RE: 7th Day Adventists and YECism

From: Rich Blinne <e-lists@blinne.org>
Date: Sat Nov 20 2004 - 00:04:44 EST

> -----Original Message-----
> From: asa-owner@lists.calvin.edu [mailto:asa-owner@lists.calvin.edu] On
> Behalf Of gordon brown
> Sent: Friday, November 19, 2004 2:58 PM
> To: Either Carol or John Burgeson
> Cc: asa@calvin.edu
> Subject: Re: 7th Day Adventists and YECism
>
> I haven't seen the text of Ostling's article, but your account might give
> the impression that belief in a young earth is primarily due to Seventh
> Day Adventism.
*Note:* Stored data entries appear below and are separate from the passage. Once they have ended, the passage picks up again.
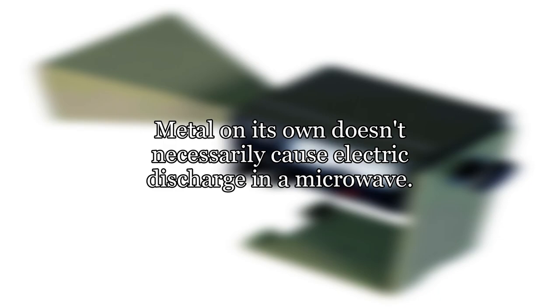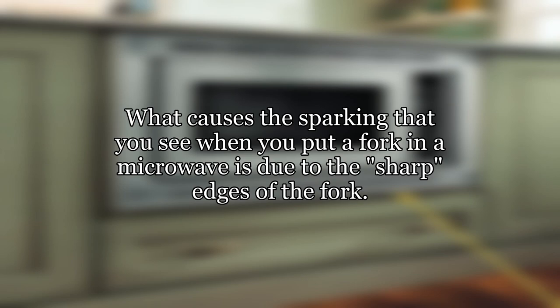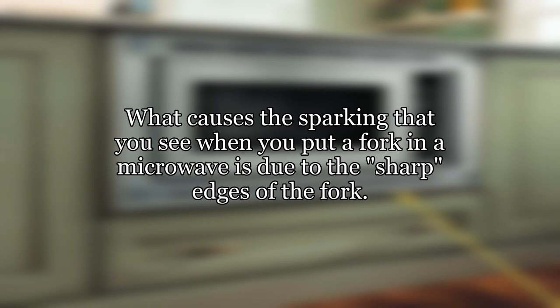Metal on its own doesn't necessarily cause electric discharge in a microwave. What causes the sparking that you see when you put a fork in a microwave is due to the sharp edges of the fork. These edges concentrate the voltage at their tips, which will cause a spark when it exceeds the dielectric breakdown of air.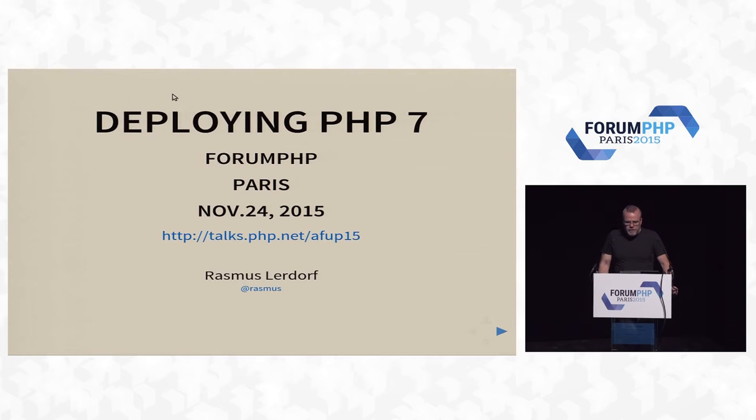Thank you. Good morning. My talks, as always, are on talks.php.net — I think slide 15 for this one. Twitter: at Rasmus.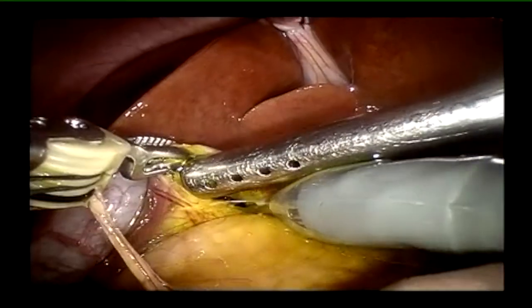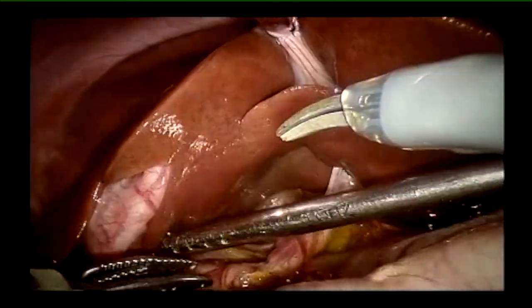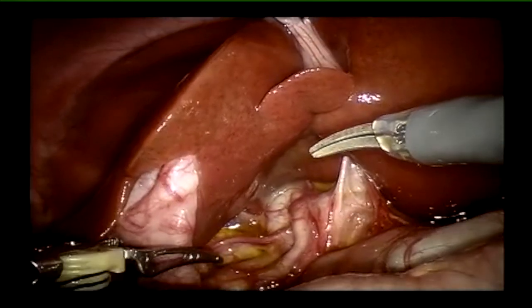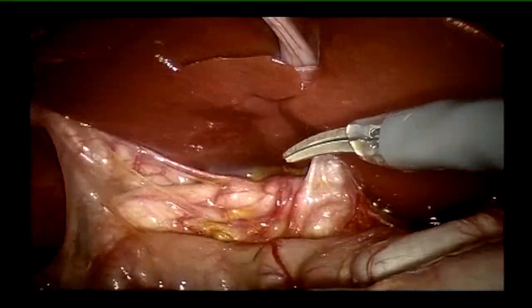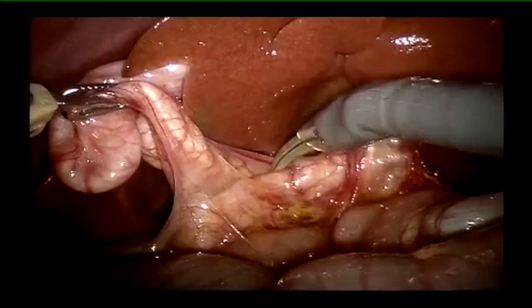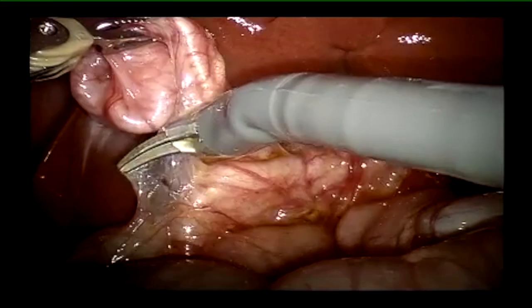Is it safe to operate on such small kids? He is barely 3.2 kg. I think it is actually safer to operate robotically compared to laparoscopically, because of the flexibility of instruments that is afforded to you.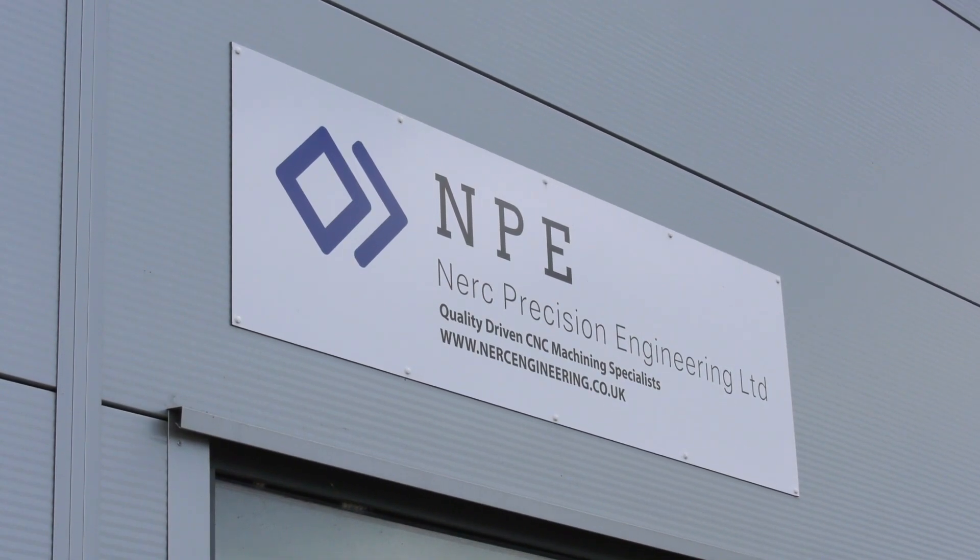Conrad, thanks very much for the invitation to Nursh Precision. Yet again you've invested — this DMU50 from DMG Mori, two weeks old. Tell us a little bit about why you chose the DMG Mori, but also from the point of view, why go five axes?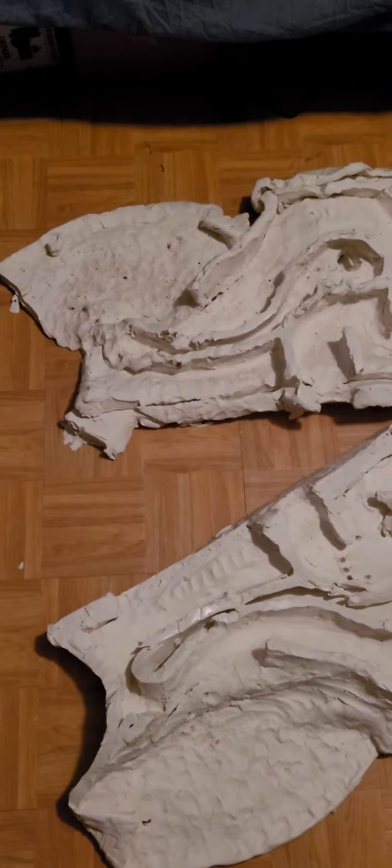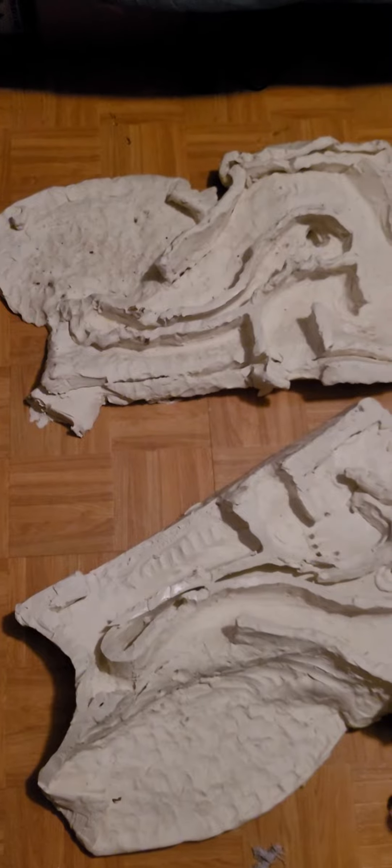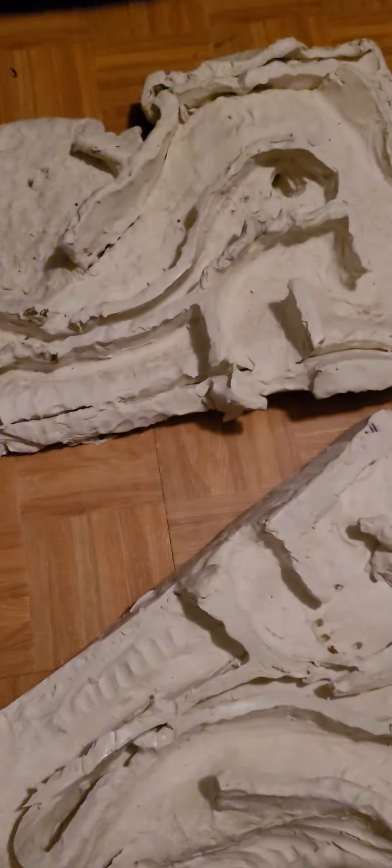Hey guys, I'm back with this dissection of this KDMC design toilet. That's kind of hard to say, but anyway.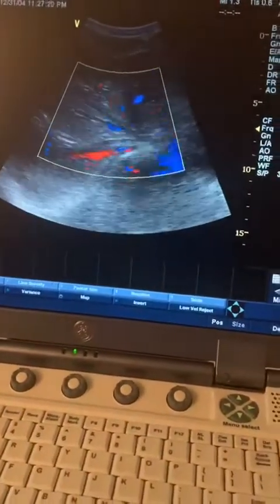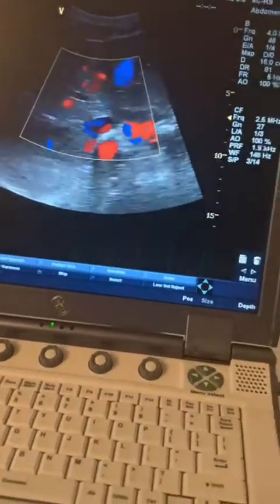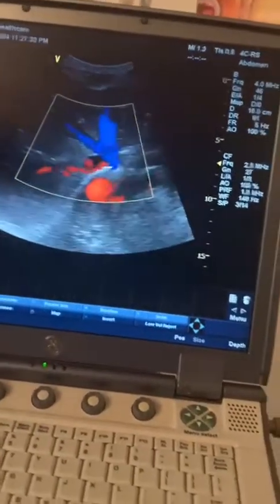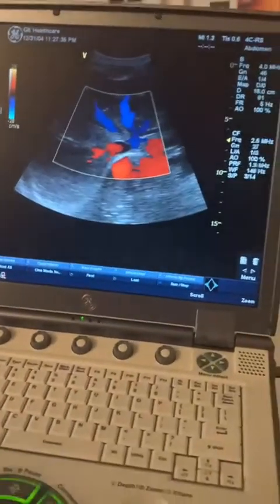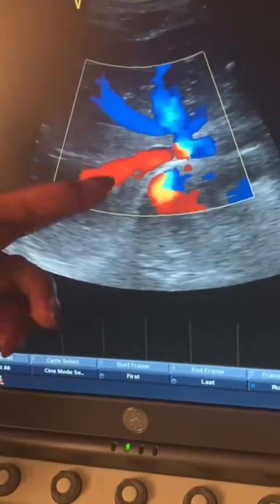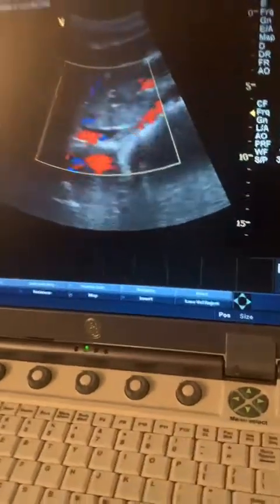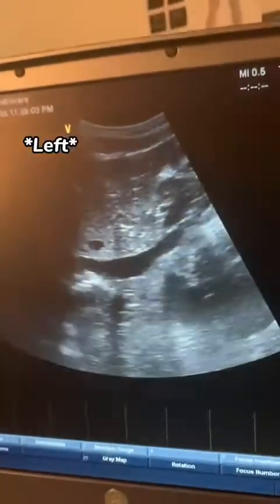Deep breath again and hold it. I'm trying to get the right hepatic vein. You can see based on the way it takes off and how I'm hitting the vessel, it's giving me a positive doppler shift. You want to doppler all three hepatic veins — left, middle, and right. I would also suggest you go ahead and doppler your IVC. That is your IVC right there. I'll take color off so you can appreciate the IVC — that's the IVC and that's the right lobe of the liver.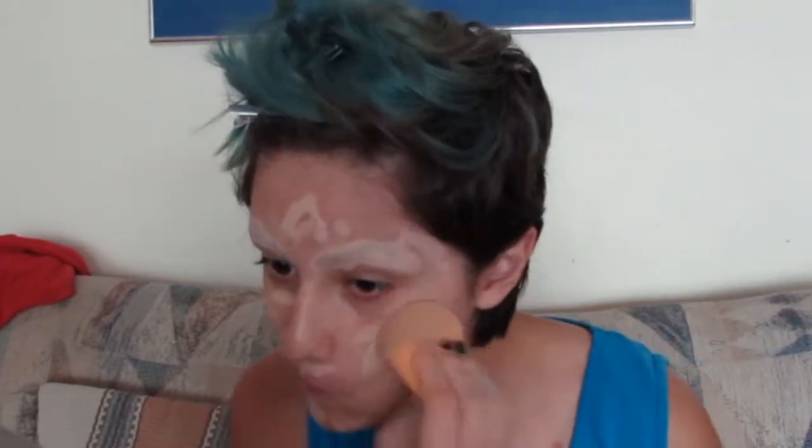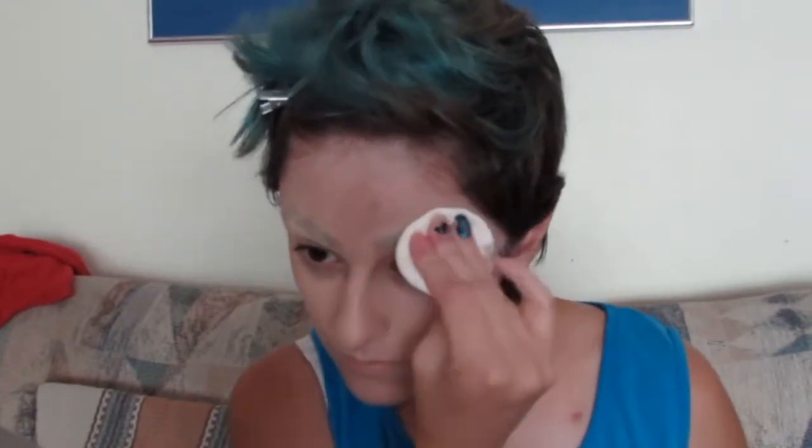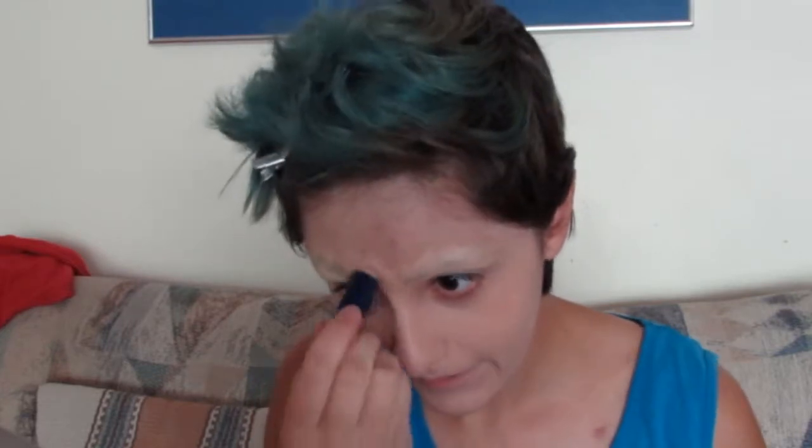Now that the base looks good - since Shane's paler than me, I'm gonna take my foundation and mix it with a much lighter foundation to make me pale. I'm taking a beauty blender and going in. Now you may say those brows don't look really covered at all, so I'm gonna take this powder foundation and a little puff and go over the brows again to hide them a bit more. Concealer again over a powder foundation - look how bare I look.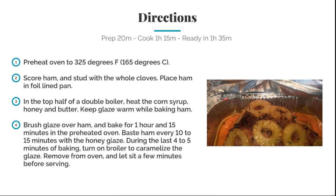For the directions: preheat the oven to 325 degrees. Score the ham and stud it with the whole cloves. Place the ham in a foil-lined pan. In the top half of a double boiler, heat the corn syrup, honey, and butter. Keep the glaze warm while baking the ham.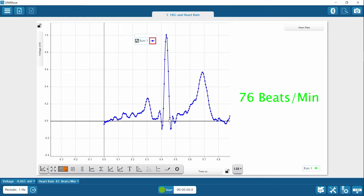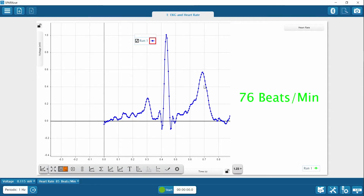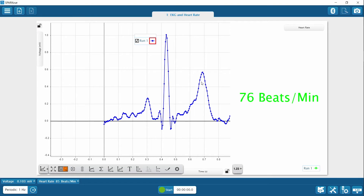Ventricular contraction continues through the S and T waves as blood is pumped away from the heart out to the body. The T wave represents relaxation and repolarization of the ventricles in preparation for the next cardiac cycle. Repolarization of the atria is hidden due to the large signal generated during ventricular contraction.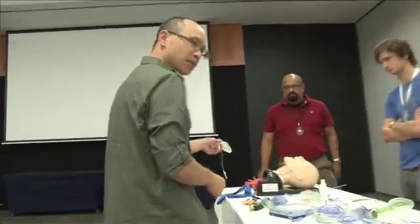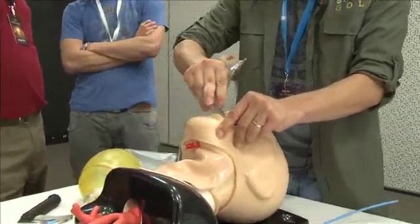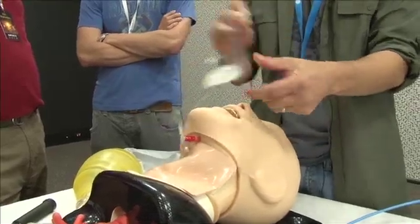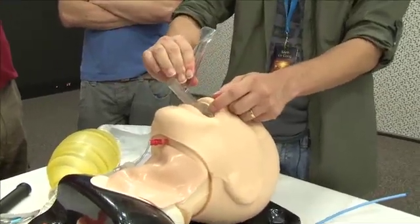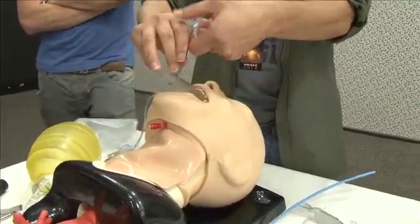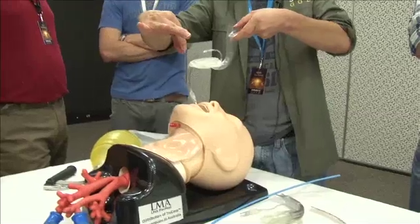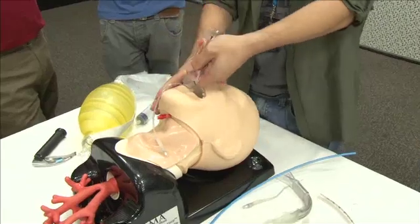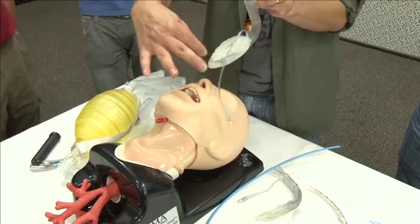Putting them in is just like a standard LMA - you open the mouth and rotate it in. The biggest problem with that technique is the cuff will fold back. So if you put it in and can't ventilate, the first thing is to do the in-out manoeuvre - slightly out, then reinsert. The next thing, if you're having trouble ventilating, is to do the Chandy manoeuvre - grabbing the handle and pulling it closer to the larynx as you're ventilating. That will help not only ventilation, but also get you closer to the larynx to intubate.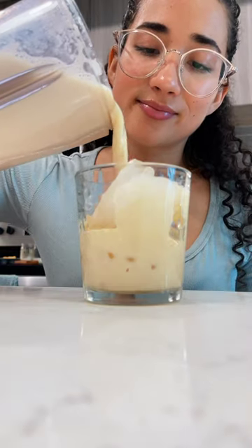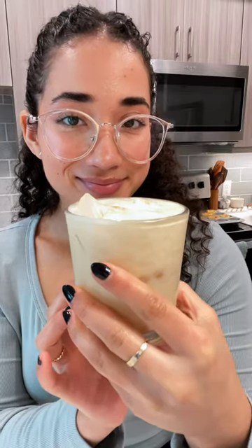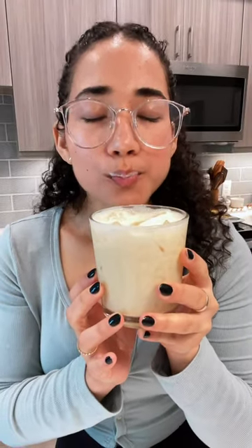For those of you that don't know, this is a drink called Morir Soñando, which is a Dominican beverage that is typically drank in the morning with your breakfast, and it is delicious.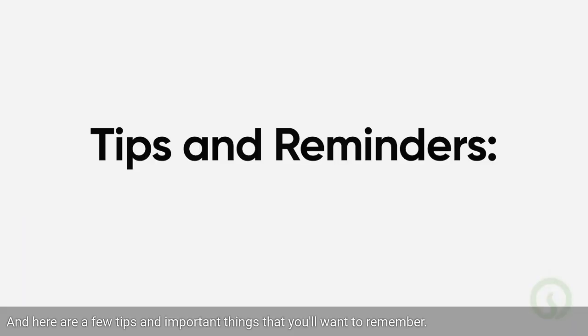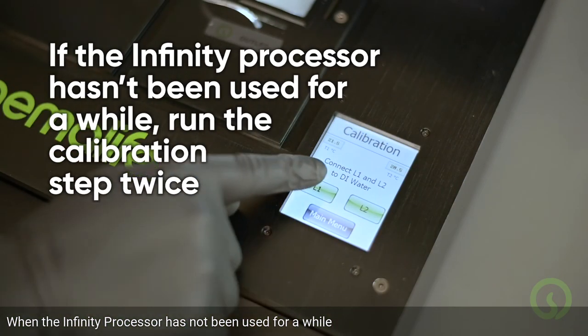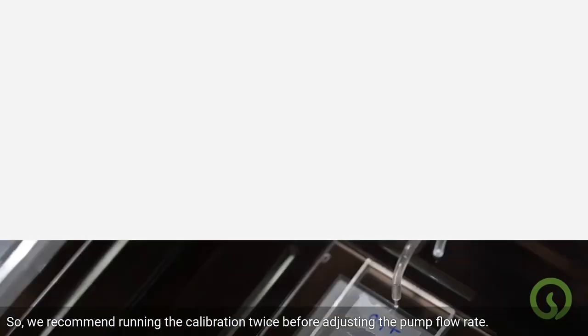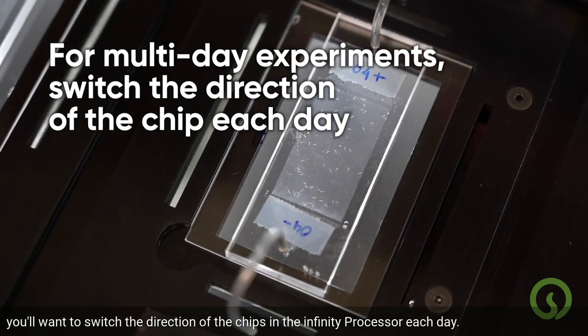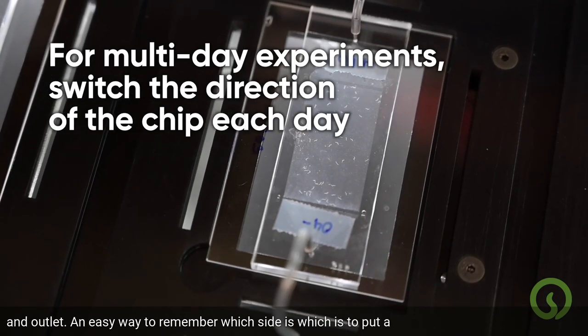Here are a few tips and important things to remember. When the Infinity processor has not been used for a while, there might be some air in the lines, so we recommend running the calibration twice before adjusting the pump flow rate. If you are conducting a multi-day experiment with the same Infinity chip, switch the direction of the chips in the Infinity processor each day to prevent any possibility of the progeny clogging an outlet.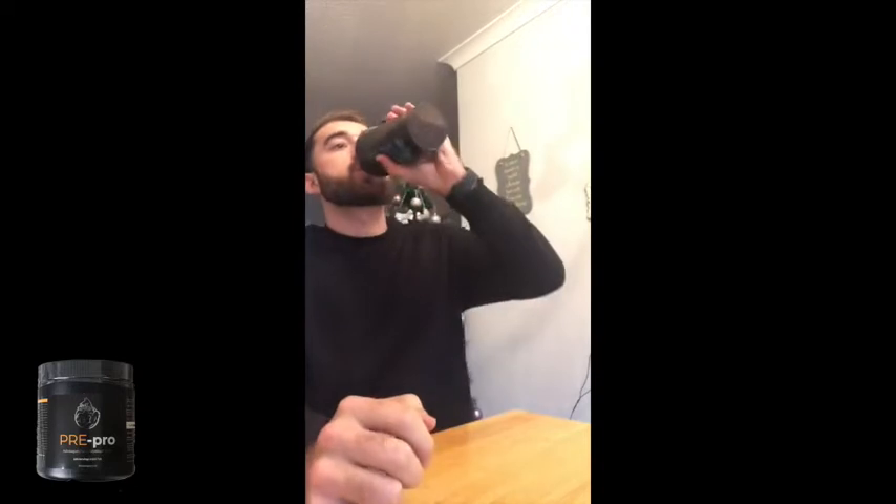This one is the Pro Pre, in cola flavor. It mixed very, very well — no frothy bits. I wouldn't say that's pleasant, but it's drinkable. It's quite sharp, not very bitty at all, but it leaves a lasting taste on your tongue. It's not one of my favorite tasting ones, but let's see what it's going to do.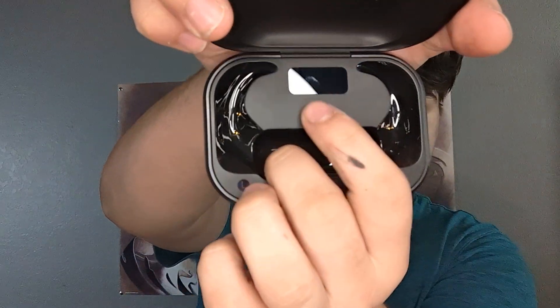Holy cow, these are a lot bigger than I thought they were! Let's take them out. This is actually a really sleek case — it's smooth, soft, feels very high quality, reminds me of a glasses case. The top closes smoothly, and there's a little indicator on it that tells you about the headphones.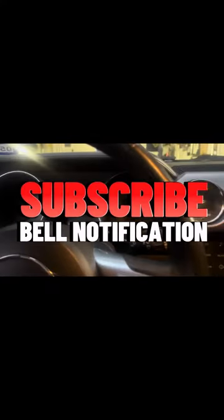So that's that. Appreciate y'all watching — subscribe to the channel, like this video, leave a comment. Appreciate you watching.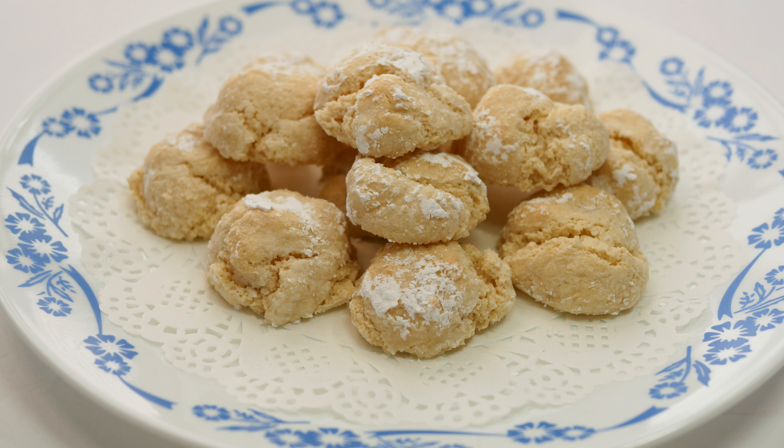I hope you're able to try this cookie out — we have really enjoyed it and they are so simple. Thank you so much for watching, and y'all have a beautiful day!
Actually it is flood geology that the Adventists came up
> with first before others such as Henry Morris bought into it.
>
> Gordon Brown
> Department of Mathematics
> University of Colorado
> Boulder, CO 80309-0395

Here's the whole article Burgy referred to:

http://www.theledger.com/apps/pbcs.dll/article?AID=/20041113/NEWS/411130313/
1021

In a society where young adherents often face challenges to their beliefs,
the top world authorities of the Seventh day Adventist Church have
reaffirmed the faith's insistence that fidelity to the Bible requires belief
in "a literal, recent, six-day creation," no matter what conventional
science says.

Recent means that life on Earth began over the relatively short time period
suggested by a strictly literal reading of the Bible, "probably 7,000 to
10,000 years," though some Adventists think the planet itself could be
billions of years old, explains Angel Rodriguez, director of the church's
Biblical Research Institute.

And six days means just that -- "literal 24-hour days forming a week
identical in time to what we now experience as a week," the Adventist decree
says.

The church's statement came last month, after three years of special
conferences on the issue of creation. It was approved at a meeting of the
Adventists' 293-member Executive Committee at the Silver Spring, Md.,
headquarters of the church.

The faith has 13.6 million members internationally and 936,000 in the United
States.

The church's Geoscience Research Institute -- which develops materials to
support Genesis literalism -- inaugurated the conferences, but no particular
event sparked it, Rodriguez said.

Rather, church leaders are aware that increasing numbers of Adventists
worldwide face questions at college and "need to know how we deal with these
complex issues." The statement is meant to stand as a definitive directive.

It follows decades of debate over Darwin's evolution theory in American
churches and schools -- and certainly won't be the last word.

`YOUNG EARTH'

Skeptics and liberals see Genesis as outright myth, while many religionists
meld the Bible's account with Darwinism.

The creationist movement, launched by Adventists and others in the 1960s,
champions the "young earth" timescale. Other critics of Darwin consider
creationism an implausible distraction scientifically, and pursue evidence
for an "intelligent design" in nature that implies a divine cause.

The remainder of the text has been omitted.